Thaiane Oliveira, Nelson Sanjad, Marcos Cueto, Ana Paula Caldeira e Paula Xavier debatem ciência aberta

Realizado no fim de junho de 2019 na Casa de Oswaldo Cruz/Fiocruz, no Rio de Janeiro, o workshop “Presente e futuro das publicações de história: debates por 25 anos de História, Ciências, Saúde – Manguinhos” reuniu editores de periódicos brasileiros e estrangeiros dispostos a discutir novos rumos diante das mudanças que se anunciam.

“A natureza do trabalho científico em história requer aos periódicos uma adaptação seletiva de elementos da ciência aberta”, ponderou Marcos Cueto, editor-científico da revista História, Ciências, Saúde – Manguinhos, na última mesa do evento – “Ciência aberta em História: dados de pesquisa e acesso aberto”. Ele observou que muitos ideais da ciência aberta vêm das ciências biomédicas e do laboratório, como, por exemplo, o de se ver os dados como descobertas replicáveis. Mas o que são dados em história, afinal?

Cueto sugeriu algumas formas de as revistas da área aderirem à ciência aberta: criar uma seção de dados de pesquisa para alguns artigos, como relatórios de arquivos, entrevistas orais, projetos de pesquisa originais; criar uma seção não obrigatória de pareceres abertos, com opções como postagem de comentários dos pareceristas ou de outras pessoas; possibilitar a interação entre pareceristas e autores; e informar nas instruções aos autores que artigos publicados no Preprint SciELO serão avaliados rigorosamente.
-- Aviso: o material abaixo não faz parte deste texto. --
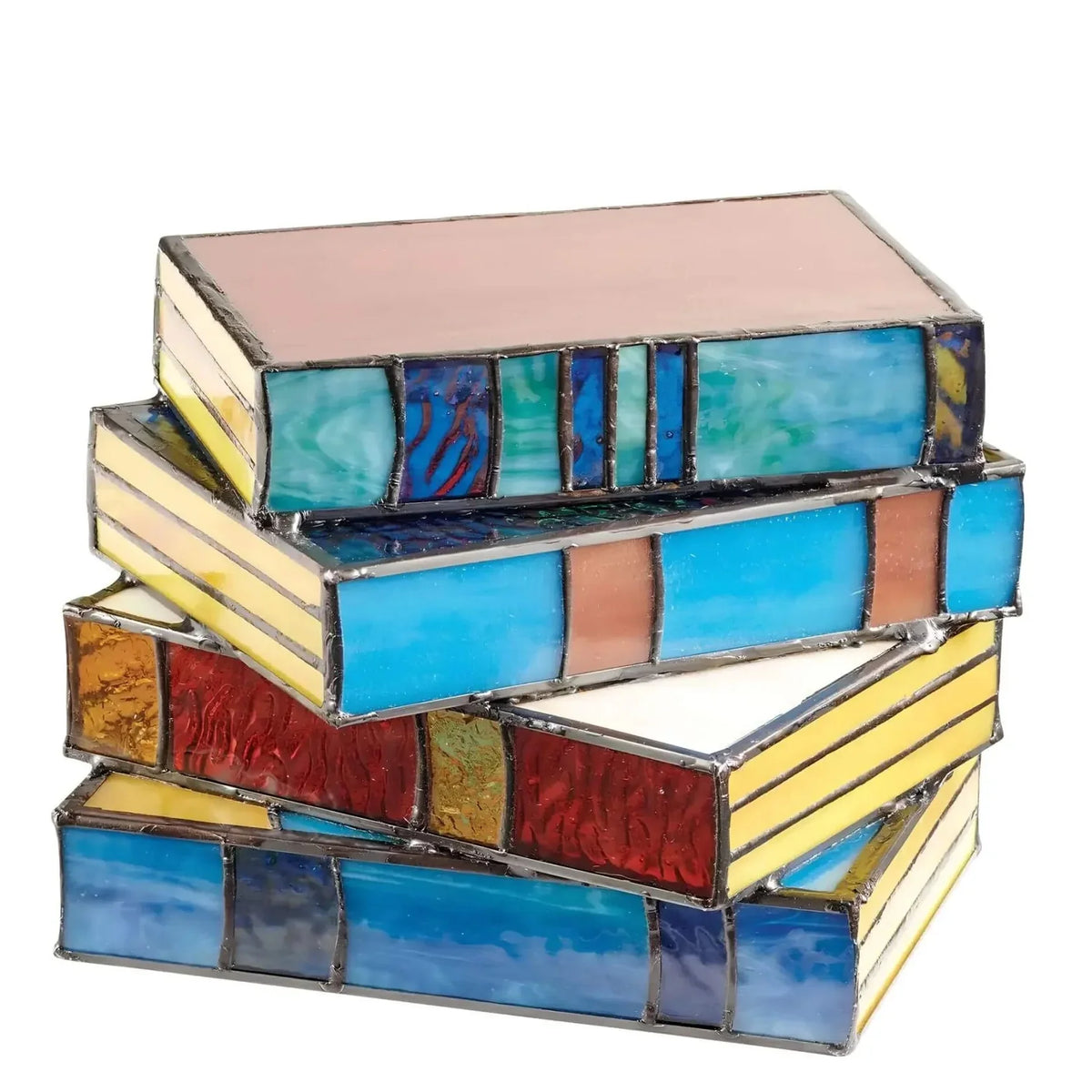 Handcrafted stained glass book-shaped lamp, photo 3 of 4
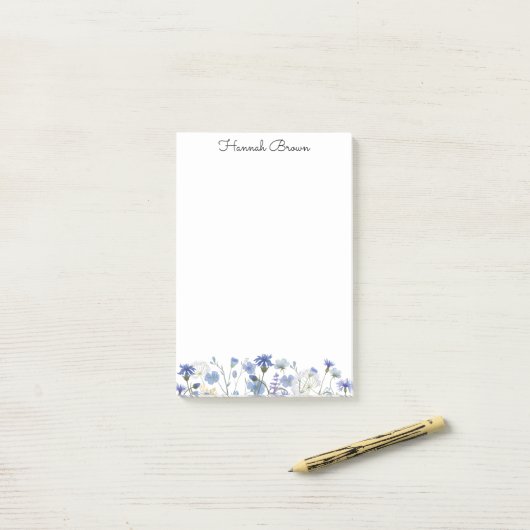 Blue Waterverf Wildflower Garden Post-it® Notes (Op bureau)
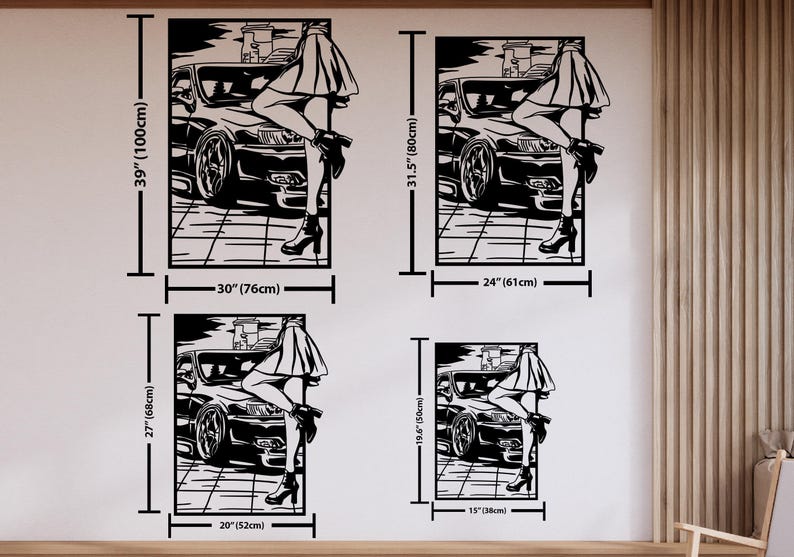Car Art Metal Wall Decor, Female Body Metal Wall Art, Racing Automotive Lover Gift for Men, Car Guy Gift,Woman Body Feminine Wall Art image 9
Entre as dificuldades enfrentadas na transição do acesso aberto à ciência aberta, Cueto cita a maior importância dada aos artigos publicados em revistas fechadas pelos sistemas de promoção de pesquisadores e a necessidade das revistas de assegurarem financiamento e investirem em capacitação de recursos humanos e infraestrutura.

Marcos Cueto

O editor falou sobre a relação conflitante que sempre existiu entre o poder e a ciência. Para ele, além de se dedicar ao trabalho intelectual, o cientista precisa negociar com o poder, seja ele de governos ou empresas, o que traz recursos para a profissionalização de áreas científicas, mas gera o risco de manipulações na ciência. Cueto analisou essa relação ao longo do tempo. Nos anos 1980, com o período de maior globalização e políticas neoliberais na América Latina, a lógica do lucro chega também às universidades. Tal lógica, disse, é a mesma que gera as avaliações quantitativas de produtividade e está em conformidade com a dinâmica das editoras multinacionais e monopólios sobre a propriedade intelectual instituídos pela Organização Mundial do Comércio em 1994.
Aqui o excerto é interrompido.